Mary Lou McDonald said she feared "entrenchment and drift" in efforts to restore the executive, which collapsed 13 months ago.
PM Theresa May has held talks with Sinn Féin and the DUP at Westminster.
In an interview with the BBC's political editor Laura Kuenssberg, Ms McDonald accused Mrs May of "facilitating the DUP blocking" the restoration of power-sharing.
"I believe whether intentionally or not, Theresa May is actually facilitating the DUP blocking advancement and resolution on these core issues," she said.
Mrs May has emphasised that her government remains committed to doing all it can to restore devolution.
At a press conference outside Westminster earlier, the Sinn Féin president said: "We can only surmise from our meeting with the British prime minister that the government doesn't have a viable plan for carving a pathway for the restoration of the institutions.
"We're disappointed that the government seems wedded to what they are calling 'a reflection period',"
'DUP crashed the bus'
Ms McDonald added that her party called for the "reconvening of the inter-governmental conference as per the Good Friday Agreement" - the 1998 deal which brought an end to the Troubles in Northern Ireland.

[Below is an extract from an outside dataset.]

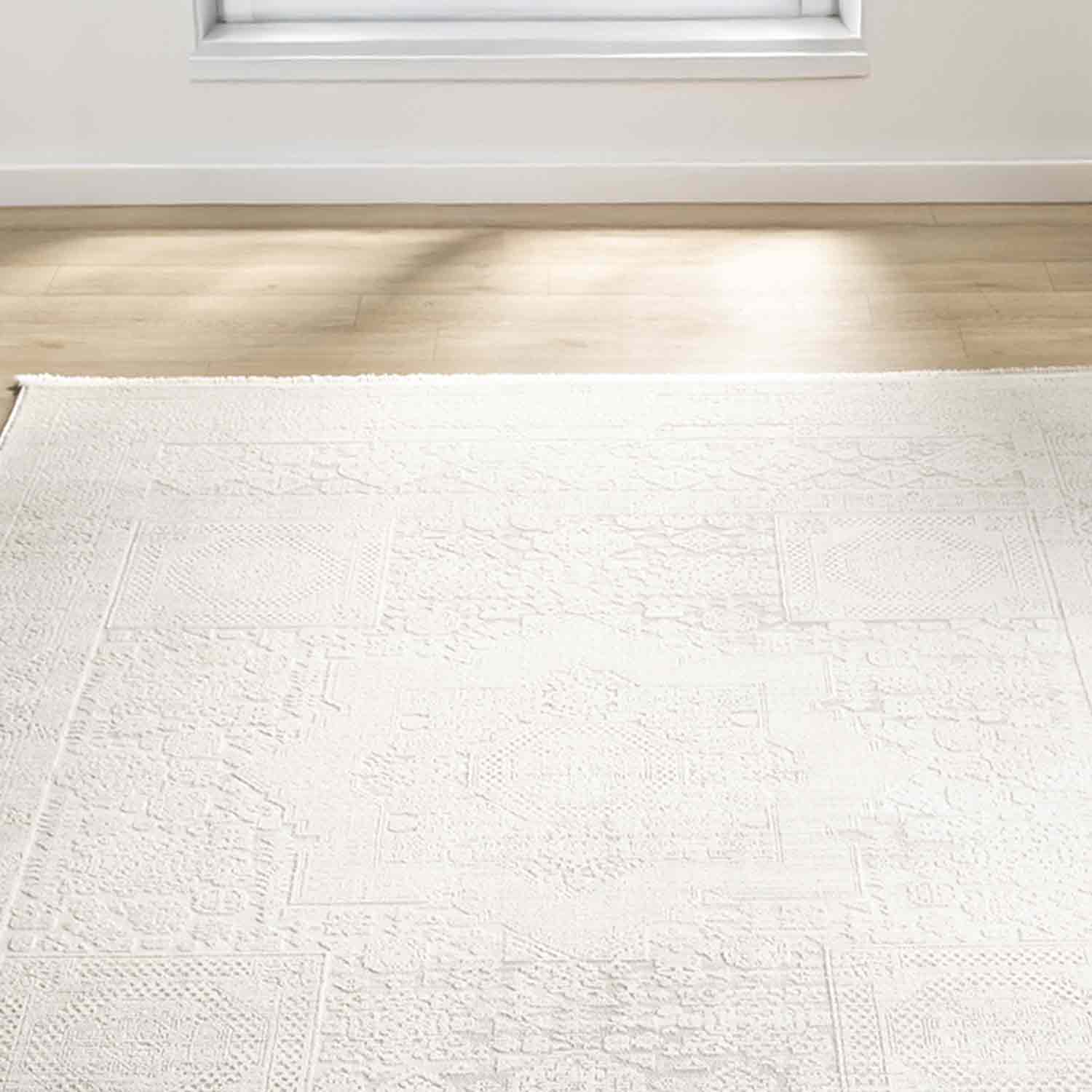 Krem Beyaz Minimal Eskitme Desenli Halı-Pera Halı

"We tried to impress upon the prime minister and secretary of state that standing still and doing nothing is simply not an option," she said.
"Just because the DUP have crashed the bus, does not mean that everyone has to sit at home now and cross their fingers and hope against hope that things will improve and that these issues will be resolved."
Budget 'within weeks'
Following the DUP's meeting, Arlene Foster said she was hopeful a new budget would be in place for Northern Ireland "within weeks".
"The people of Northern Ireland deserve to have a budget in place as soon as possible," she said.
Her party colleague, MP Nigel Dodds added that the party "want to see devolved government" reinstated.
"In the absence of the devolution that we all want, we can't continue to have Northern Ireland left in limbo as it has been in the last 13 months," he said.
"We simply want a commonsense interim position, whereby ministers are taking decisions, budgets are being set, whilst we continue to work through the issues."
In relation to the draft agreement which was leaked on Tuesday, Arlene Foster said it contained "only one of a number of documents that were circulated and put out and about".
She added that her party was not contemplating introducing an Irish language act in Northern Ireland.
During the meetings with Sinn Féin and the DUP, the prime minister said it was important for everyone "to reflect on the circumstances which have led to this".
In a statement, a spokesperson for Downing Street said the prime minister will be "working closely with Northern Ireland Secretary and will continue to engage with the parties and the Irish Government."
On Tuesday, Northern Ireland Secretary Karen Bradley declined to immediately re-impose direct rule from Westminster.
Sinn Féin and the DUP - Northern Ireland's two main parties - had been in negotiations to end a 13-month stalemate at Stormont.
The devolved government collapsed in a row over a botched green energy scheme.
Talks between the DUP and Sinn Féin collapsed last week, and the two sides blamed each other for an impasse over a proposed Irish language act.
The parties still disagree on whether or not a draft agreement was on the table before the talks broke down.
On Tuesday, parts of the draft agreement being worked on were leaked and published.
These confirmed what had already been reported about a three-stranded approach to the language question - which would have resulted in an Irish language act, an Ulster Scots act, and a so-called respecting language and diversity act.
But there was a degree of ambiguity as to whether this had been fully signed off by all the parties.
Meanwhile, on Wednesday morning, MPs on the Northern Ireland Affairs committee took evidence on the issue of devolution.
They heard from witnesses including SDLP leader Colum Eastwood and loyalist blogger Jamie Bryson.